WeWork's financial struggles have been widely known for years and are partly attributed to former CEO Adam Neumann's decisions

WeWork has officially announced that it will declare bankruptcy. Despite facing significant financial challenges, the company has not lost its commitment to offering flexible office spaces in the future.

On November 6, the firm declared that it would undertake a comprehensive reorganisation to strengthen its capital structure and financial performance, with the aim of positioning the company for future success.

WeWork’s financial struggles have been widely known for years and are partly attributed to former CEO Adam Neumann’s decisions.
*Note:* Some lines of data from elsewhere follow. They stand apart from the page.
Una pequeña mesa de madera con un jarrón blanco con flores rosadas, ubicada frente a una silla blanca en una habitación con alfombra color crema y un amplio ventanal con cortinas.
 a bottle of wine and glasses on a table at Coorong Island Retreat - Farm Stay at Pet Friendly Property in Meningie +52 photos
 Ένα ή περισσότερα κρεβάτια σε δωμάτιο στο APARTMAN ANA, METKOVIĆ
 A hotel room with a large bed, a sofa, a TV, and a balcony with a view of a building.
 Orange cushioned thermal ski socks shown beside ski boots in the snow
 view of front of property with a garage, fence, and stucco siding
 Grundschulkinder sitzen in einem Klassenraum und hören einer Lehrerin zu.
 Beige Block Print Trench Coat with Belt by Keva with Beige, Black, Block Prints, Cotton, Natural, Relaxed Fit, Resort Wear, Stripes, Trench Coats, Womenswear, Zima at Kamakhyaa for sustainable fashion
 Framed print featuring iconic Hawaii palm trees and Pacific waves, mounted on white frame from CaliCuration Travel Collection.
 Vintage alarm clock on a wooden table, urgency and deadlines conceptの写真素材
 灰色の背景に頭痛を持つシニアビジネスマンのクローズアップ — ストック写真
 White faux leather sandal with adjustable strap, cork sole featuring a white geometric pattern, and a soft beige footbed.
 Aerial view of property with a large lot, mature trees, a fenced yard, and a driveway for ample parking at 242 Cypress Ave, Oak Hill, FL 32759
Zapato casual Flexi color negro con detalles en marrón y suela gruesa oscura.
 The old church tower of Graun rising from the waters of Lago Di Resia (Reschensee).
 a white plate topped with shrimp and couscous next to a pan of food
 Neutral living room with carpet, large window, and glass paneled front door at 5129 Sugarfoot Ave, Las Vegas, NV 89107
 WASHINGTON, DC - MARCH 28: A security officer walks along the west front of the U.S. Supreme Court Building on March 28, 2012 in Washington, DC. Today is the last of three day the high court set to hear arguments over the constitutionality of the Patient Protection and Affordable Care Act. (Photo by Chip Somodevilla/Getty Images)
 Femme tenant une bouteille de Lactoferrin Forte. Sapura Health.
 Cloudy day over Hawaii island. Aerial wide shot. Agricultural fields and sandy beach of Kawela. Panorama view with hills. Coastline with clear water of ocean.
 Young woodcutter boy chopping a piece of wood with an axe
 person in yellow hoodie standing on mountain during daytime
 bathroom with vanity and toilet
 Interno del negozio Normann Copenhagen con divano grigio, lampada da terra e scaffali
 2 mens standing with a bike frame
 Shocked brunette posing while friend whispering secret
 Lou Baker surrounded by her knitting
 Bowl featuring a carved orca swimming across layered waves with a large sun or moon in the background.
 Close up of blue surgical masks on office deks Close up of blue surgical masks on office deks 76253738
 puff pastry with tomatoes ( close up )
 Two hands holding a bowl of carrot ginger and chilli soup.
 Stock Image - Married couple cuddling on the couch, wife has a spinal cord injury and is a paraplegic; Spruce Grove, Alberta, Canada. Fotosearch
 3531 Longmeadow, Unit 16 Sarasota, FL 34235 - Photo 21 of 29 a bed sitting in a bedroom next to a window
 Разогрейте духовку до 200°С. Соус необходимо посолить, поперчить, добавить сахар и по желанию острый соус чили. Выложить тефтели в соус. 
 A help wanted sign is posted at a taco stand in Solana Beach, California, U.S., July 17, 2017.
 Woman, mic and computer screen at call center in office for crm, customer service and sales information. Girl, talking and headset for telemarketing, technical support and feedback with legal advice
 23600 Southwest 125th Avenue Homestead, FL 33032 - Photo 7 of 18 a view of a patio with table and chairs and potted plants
The company, which was once valued at $47 billion and backed by SoftBank Group, failed to go public, and as a result, its valuation diminished significantly.

According to reports from Reuters, WeWork had net long-term debt of $2.9 billion in June 2023, and more than $13 billion in long-term leases.

In its latest announcement, WeWork said, “WeWork will further rationalise its commercial office lease portfolio while focusing on business continuity and delivering best-in-class services to its members, as global operations are expected to continue as usual.”

The company has filed for protection under Chapter 11 of the US Bankruptcy Code. However, the company clarified that its locations outside of the U.S. and Canada are not included in the process. Similarly, the company’s franchisees around the world are not affected by these proceedings.

The current CEO, David Tolley, has acknowledged the previous poor decisions and said that it is now time for the company to aggressively address its legacy leases and significantly improve its balance sheet.

Although the office spaces remain open and operational, it is uncertain what the future holds for WeWork and how its office space portfolio may change. Nevertheless, customers should remain largely unaffected.